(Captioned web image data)

# # # # #

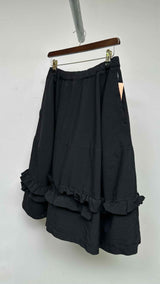 Black Comme Des GarÃ§ons Ruffle-Detail Long Skirt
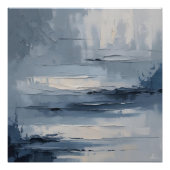 Calm Horizons – Abstract blauw en grijs getexturee Perfect Poster (Voorkant)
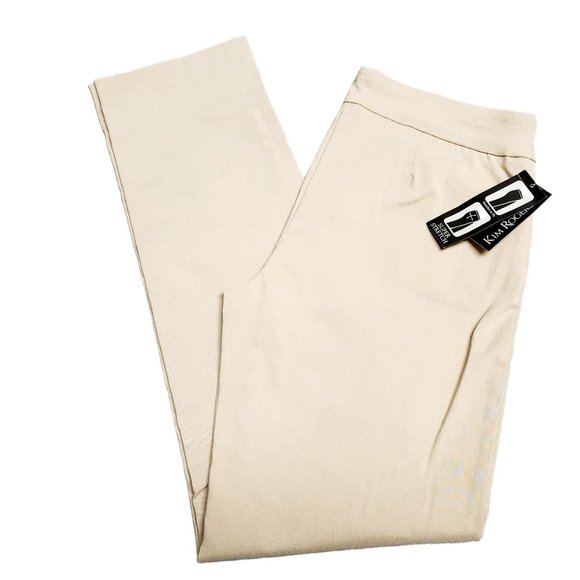 Kim Rogers Pants - Kim Rogers Super Stretch Pants - NWT - Straight Leg Tummy Panel Size 6 Tan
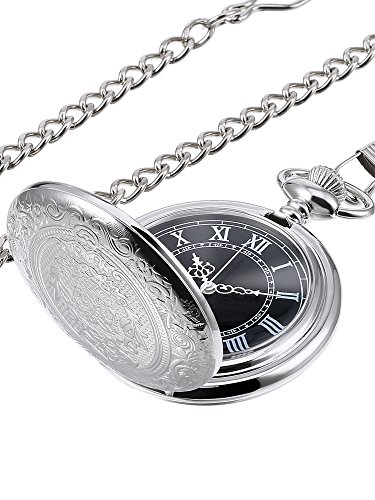 Hicarer Quartz Pocket Watch for Men with Black Dial and Chain (Silver)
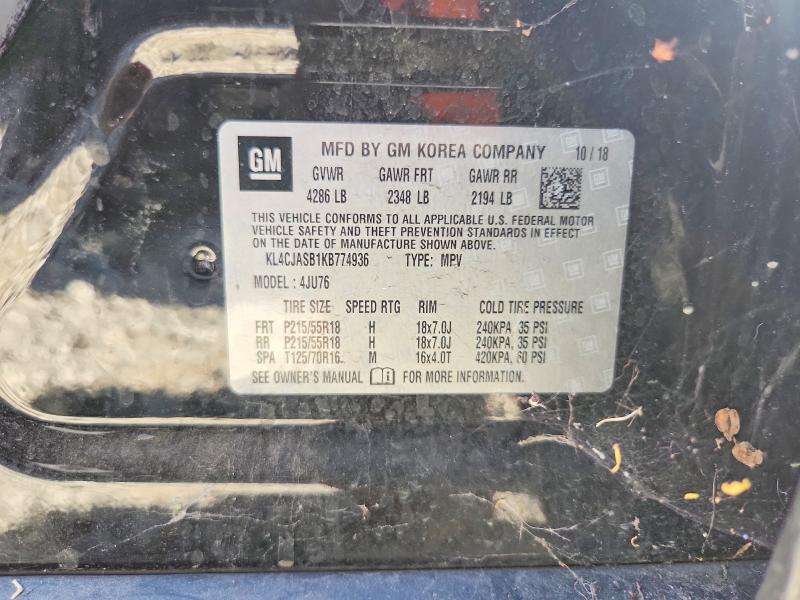 Aukcja sprzedaży 2019 Buick Encore, vin: KL4CJASB1KB774936, numer aukcji: 54163116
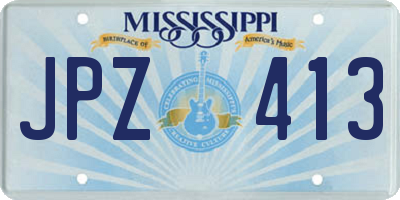 MS license plate JPZ413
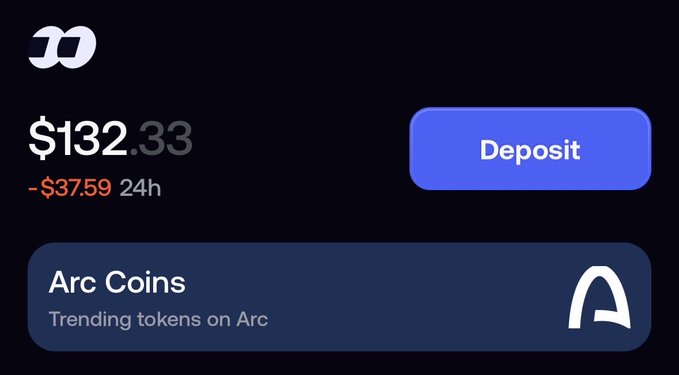 A financial app showing a balance of $132.33 with a -$37.59 24h change and a Deposit button, along with an Arc Coins section for trending tokens on Arc.
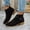 Black, variant on Women's Buckle Ankle Boots Thick Heel Low Block Fall Winter Street Style for Casual Beige 9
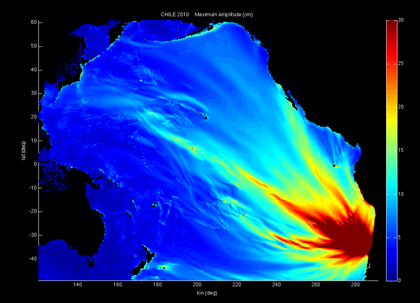 Preliminary forecast model energy map of the 2010 Chile earthquake tsunami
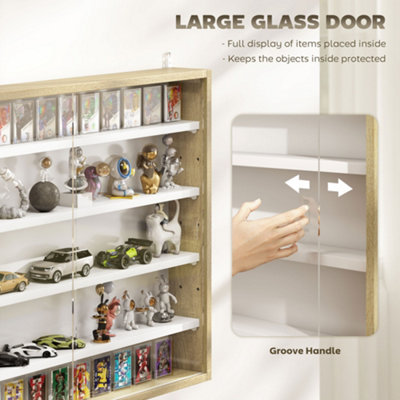 HOMCOM 5-Tier Wall Display Shelf Unit Cabinet w/ Shelves Glass Doors ...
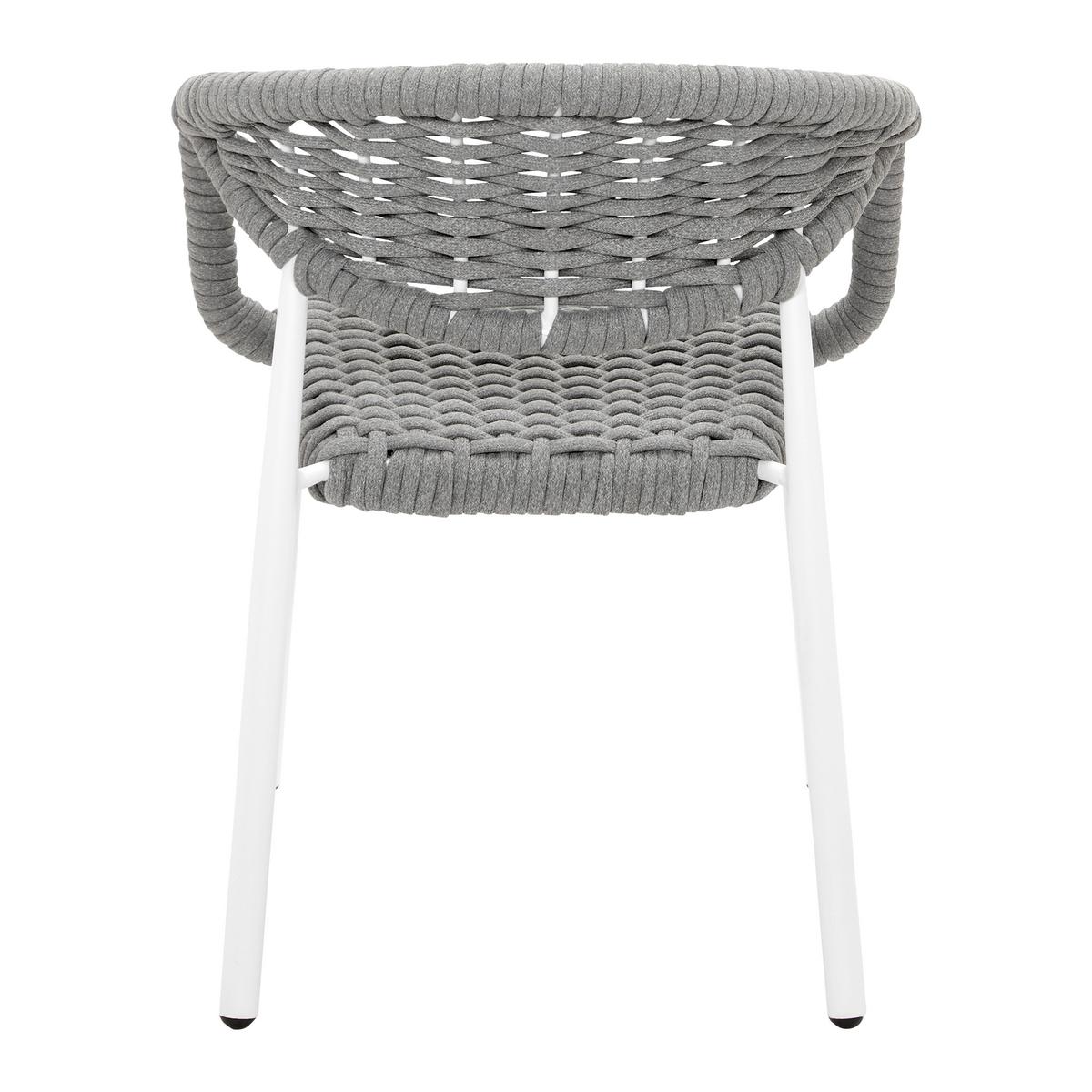 Zahradní židle ANTONIA šedá - šedá/bílá, Moderní, kov/textil (58/76/59cm) - Bessagi Garden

# # # # #

What the task requires: Print the records verbatim, without pictures.

Result:
 Black Comme Des GarÃ§ons Ruffle-Detail Long Skirt
 Calm Horizons – Abstract blauw en grijs getexturee Perfect Poster (Voorkant)
 Kim Rogers Pants - Kim Rogers Super Stretch Pants - NWT - Straight Leg Tummy Panel Size 6 Tan
 Hicarer Quartz Pocket Watch for Men with Black Dial and Chain (Silver)
 Aukcja sprzedaży 2019 Buick Encore, vin: KL4CJASB1KB774936, numer aukcji: 54163116
 MS license plate JPZ413
 A financial app showing a balance of $132.33 with a -$37.59 24h change and a Deposit button, along with an Arc Coins section for trending tokens on Arc.
 Black, variant on Women's Buckle Ankle Boots Thick Heel Low Block Fall Winter Street Style for Casual Beige 9
 Preliminary forecast model energy map of the 2010 Chile earthquake tsunami
 HOMCOM 5-Tier Wall Display Shelf Unit Cabinet w/ Shelves Glass Doors ...
 Zahradní židle ANTONIA šedá - šedá/bílá, Moderní, kov/textil (58/76/59cm) - Bessagi Garden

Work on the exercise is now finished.